There will be no more U.S.-Soviet arms-control agreements during the Reagan Administration, in part because of the ticking clock. But there are also substantive disagreements. Although most issues have been resolved, a few still bedevil the negotiators. Among the most prominent is the fate of the sea-launched cruise missile (SLCM), which also illustrates a serious deficiency in U.S. strategic planning.

The Navy’s SLCM is the maritime version of the air-launched cruise missile that, mounted on B-52 and B-1 bombers, is a mainstay of the manned-bomber part of the strategic nuclear force. It is similar to the ground-launched cruise missile that was banned under last December’s U.S.-Soviet missile treaty.

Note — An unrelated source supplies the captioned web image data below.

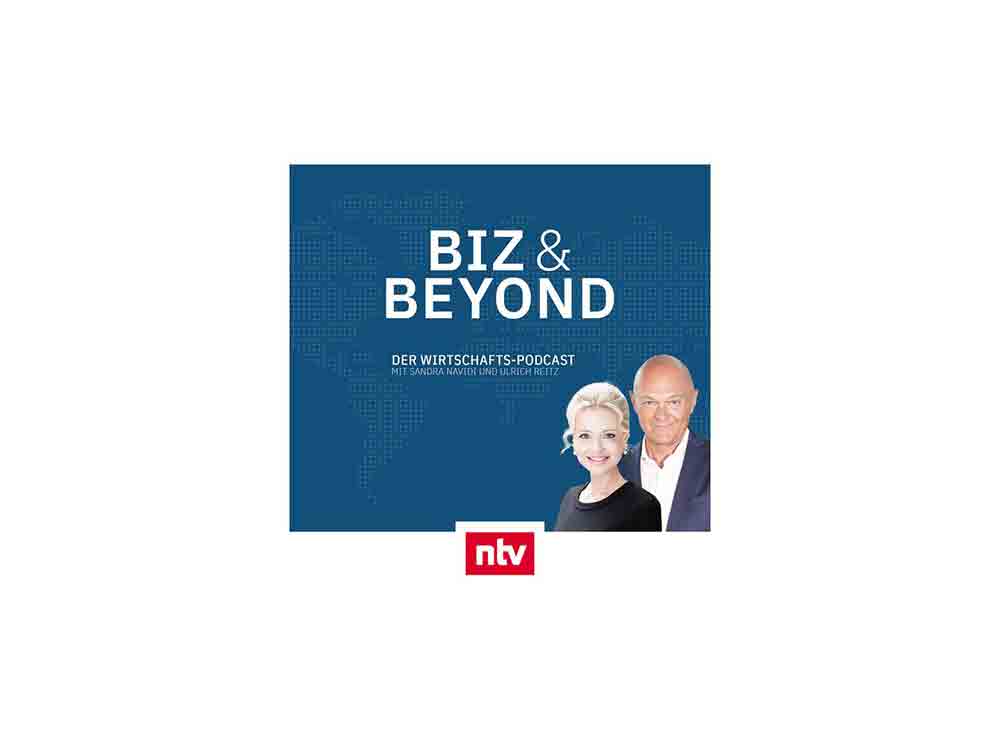 Einzigartiger Wirtschaftspodcast und Erfolgs Podcast, neuer NTV Podcast »Biz and Beyond« mit Sandra Navidi und Ulrich Reitz ab sofort verfügbar
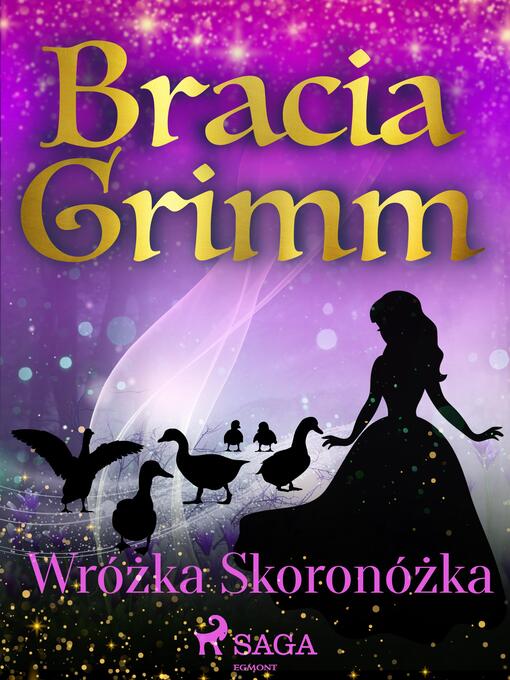 Title details for Wróżka Skoronóżka by Bracia Grimm - Available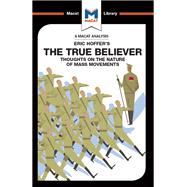 The True Believer: Thoughts on the Nature of Mass Movements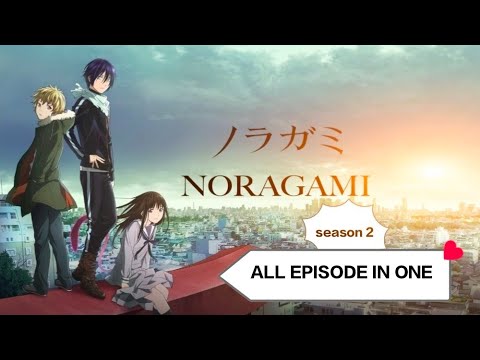 NORAGAMI SEASON 2 [ All episode's ] #noragami #anime #animestories #animeexplained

Yet the United States doesn’t want to treat the SLCM like either its air-launched or its ground-launched cousin, for a simple reason: It can also be useful as a non-nuclear weapon. Indeed, that is its primary value. Based in a sub-marine, the SLCM can attack surface ships and even some land targets with high accuracy, thus reducing the need to rely on expensive and vulnerable aircraft carriers.

This premier value of the sea-launched cruise missile as a conventional weapon means that the United States doesn’t want to ban it, like the land-based variety that had only a nuclear role. But a missile that can be armed with both conventional and nuclear weapons ineluctably becomes part of the Geneva arms talks. Not surprisingly, the Soviets want to count sea-launched cruise missiles along with all other nuclear weapons as part of the total U.S. arsenal that will be limited to 6,000 warheads. If Moscow gets its way, it means that all U.S. SLCMs--even those that have only conventional warheads--will be counted as though they carry nuclear bombs.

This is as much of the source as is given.